The statutory clock will be put on hold if an RFI is created, the clock will restart once the question has been answered. An RFI will be sent to the person that’s listed for correspondence on the application. Clouding the area of drawings that have changed in response to an RFI will help speed up the processing of your consent, written responses are also required in Simpli and the revised plan can be referenced. Once all the teams involved in the process are satisfied, the building consent can be granted.
Your application might be refused, if this happens a letter will be sent to tell you of the reason. After the consent is granted it is given to our regulatory administration team for issuing, you will get an email to say that your consent documents are ready to download from Simpli or pick up if you have requested printing.
How long is my Building Consent valid for?
Work needs to be started within 12 months of consent being issued. If it doesn’t start within a year the consent will lapse. This means that you will need to apply for a new consent.
If a Code Compliance Certificate (CCC) application hasn’t been made by the 2 year anniversary of the building consent, the BCA is required to make a decision on whether or not to issue a CCC. In either case the BCA will try to contact you to remind you of these provisions. If the project has been delayed, you may apply for an extension to this time.

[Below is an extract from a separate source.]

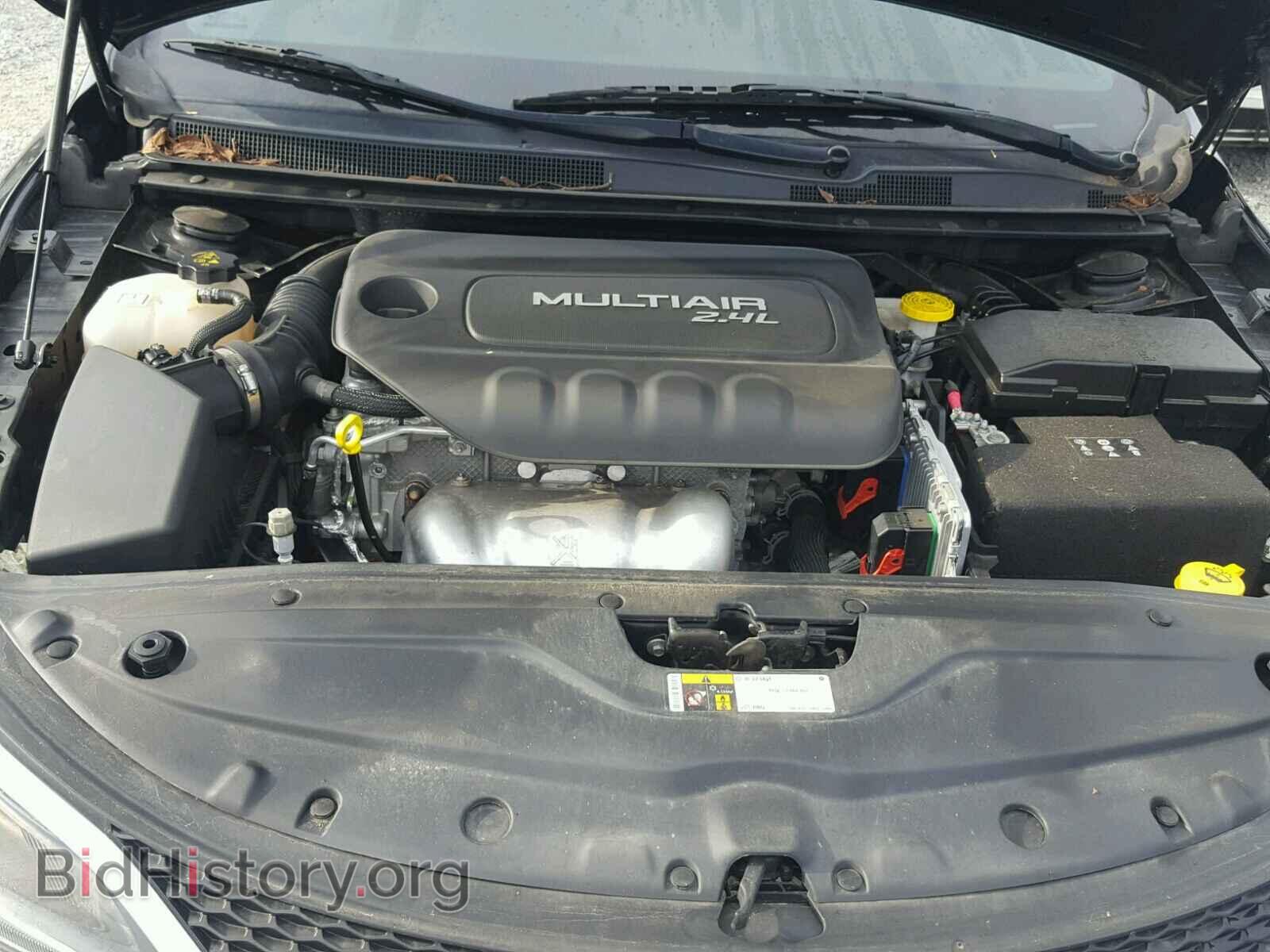 2016 CHRYSLER 200 - VIN: 1C3CCCAB2GN175468 - Фото 7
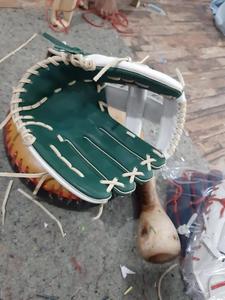 Guantes Deportivos Personalizados de Cuero Vacuno para Béisbol y Sóftbol, para Infield, Outfield, Primera Base y Receptor - Product Image 5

How much will my Building Consent cost?
This depends on the type of application, cost of work involved and the level of detail provided. Charges are based on the length of time it takes to process an application, the number of inspections and complexity of the work. On top of building consent fees, there are also levies that need to be paid to MBIE and BRANZ on all building work with a value over $20,000.

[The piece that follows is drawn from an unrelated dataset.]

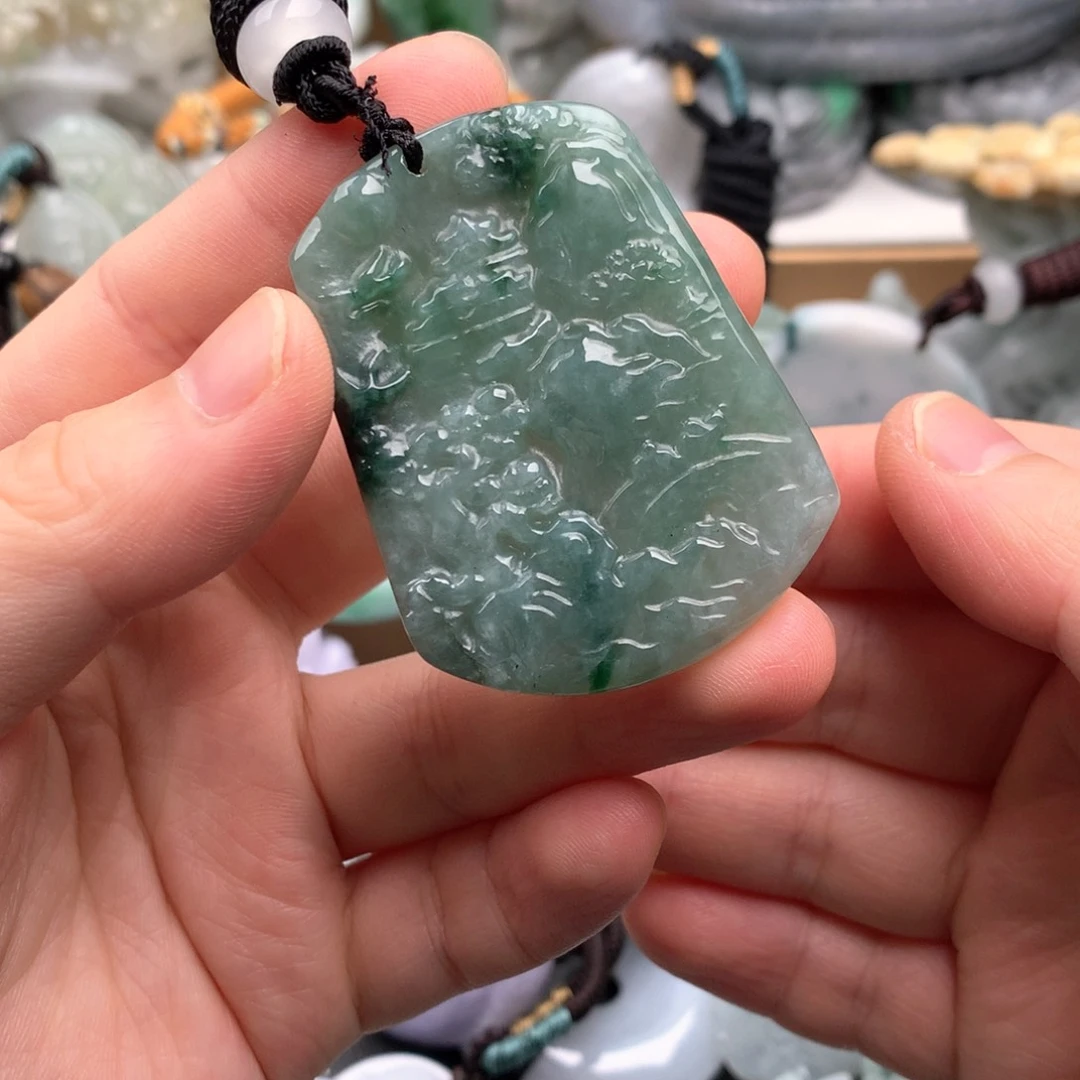 吊坠(不含链)未镶嵌翡翠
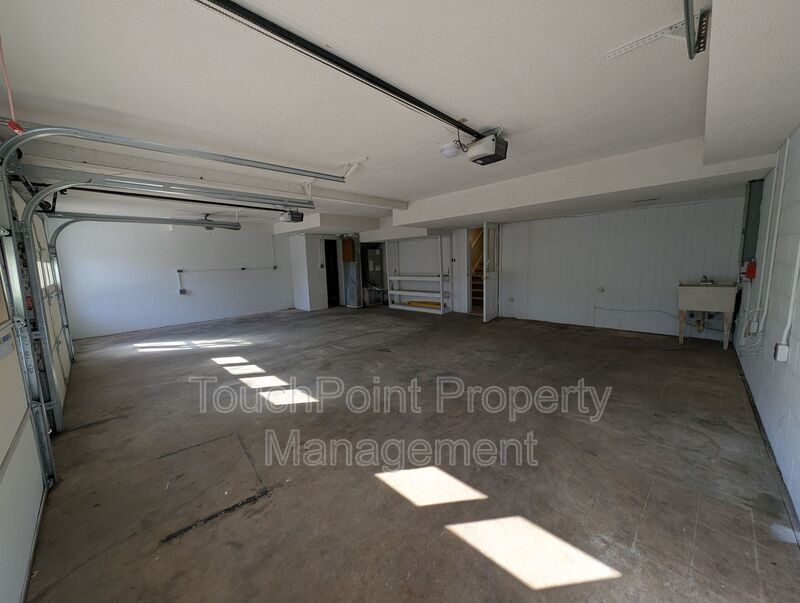 Gorgeous Brick 4 bedroom, 4 bathroom home located in the Farmwood community in Minthill! property image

If you choose to withdraw your building consent application once processing has started, you will be charged for any time that’s already been spent and administration costs.
If your building consent application is refused once processing has started, you will be charged for time spent and administration costs. The BCA can charge additional fees for processing time where an unreasonable amount of time has been spent processing the consent or for additional inspections.

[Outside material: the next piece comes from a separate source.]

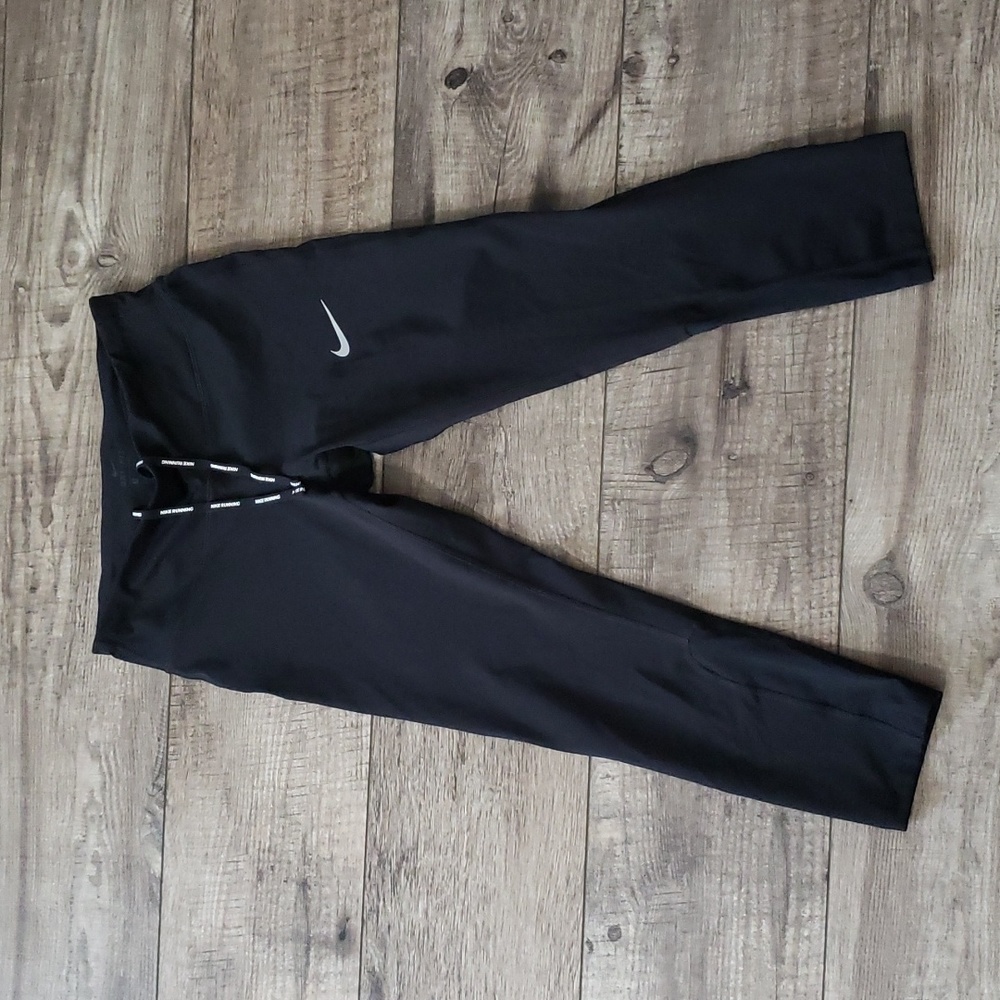 Nike Dri-fit capris leggings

Some commercial projects might need reviewing by the Fire and Emergency New Zealand – Fire Engineering Unit. They have 10 days to provide feedback. Your fire designer should tell you about this and it should be clearly identified in the consent documentation. In some cases the BCA might send applications externally to be reviewed, in particular for engineering or fire peer review. The BCA might also send consents to external contractors to process.
MultiProofs are issued by the National Multiple-Use Approval Service of the MBIE. A MultiProof certificate from the Ministry shows that a specific set of building plans and specifications comply with the New Zealand Building Code (NZBC).
A MultiProof is not, and does not replace, a building consent. The holder of a MultiProof must get a building consent each time they want to build the design that the MultiProof relates to. The BCA will only need to assess the Building Code compliance of site-specific features that are excluded from the MultiProof, the BCA has 10 Days to issue a MultiProof consent.